WHAT YOU WILL DO. Repeat the data exactly, leaving out any image.

STORED DATA.

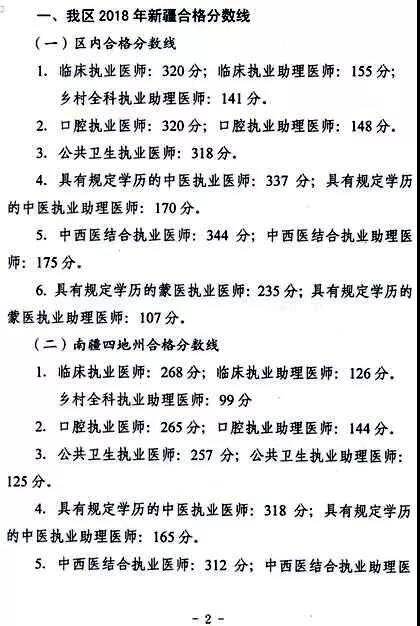 新疆2018年醫(yī)師資格考試醫(yī)學綜合筆試合格分數(shù)線省線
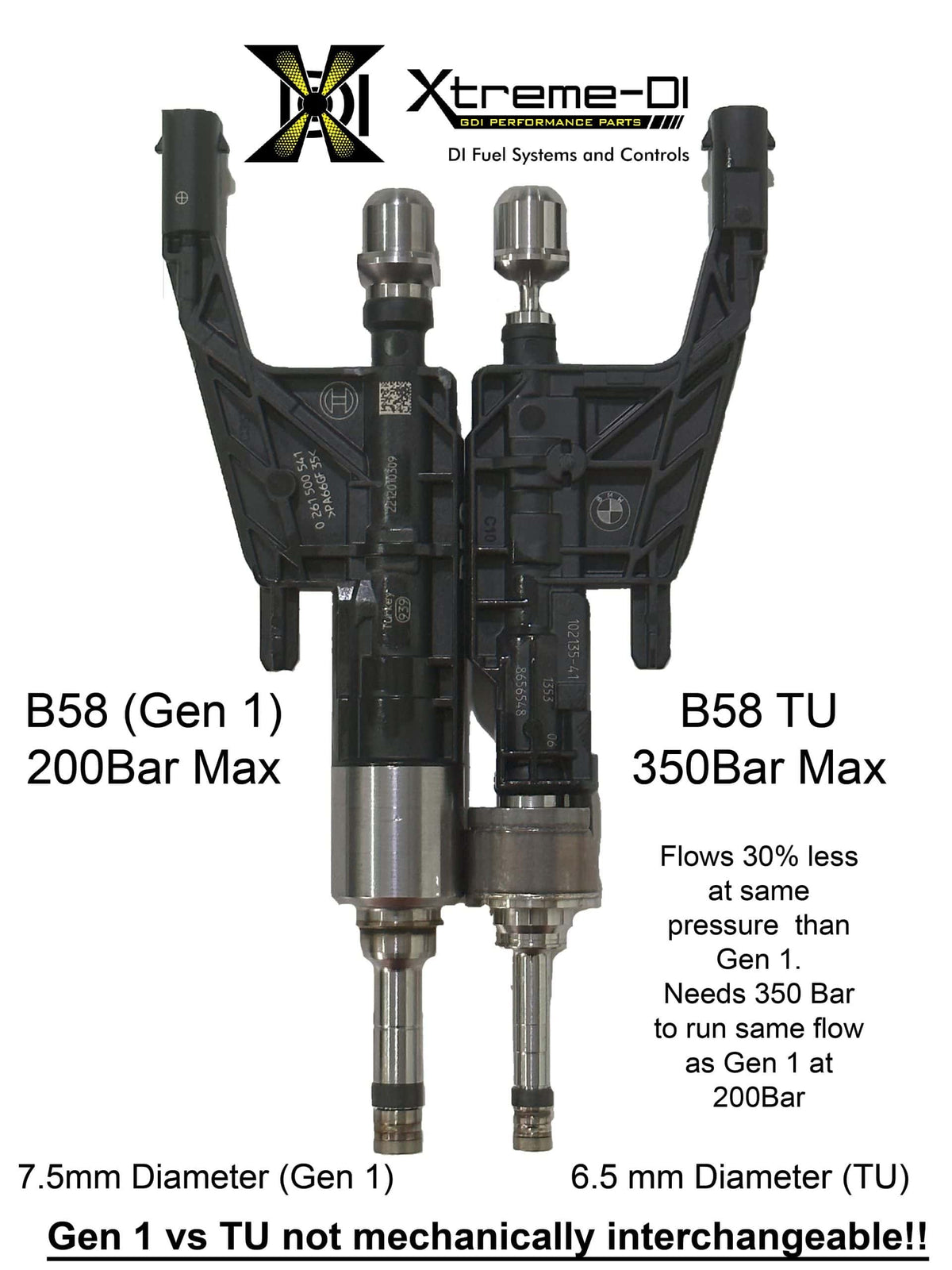 XDI Fuel System - BMW B48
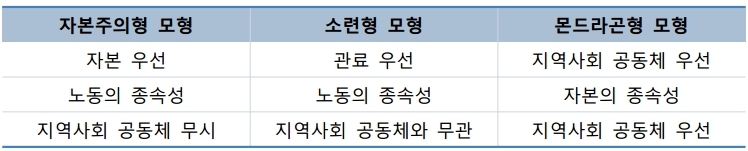 몬드라곤 경제 모형의 특징, 자료=그레그 맥레오드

EXERCISE RESPONSE.
 新疆2018年醫(yī)師資格考試醫(yī)學綜合筆試合格分數(shù)線省線
 XDI Fuel System - BMW B48
 몬드라곤 경제 모형의 특징, 자료=그레그 맥레오드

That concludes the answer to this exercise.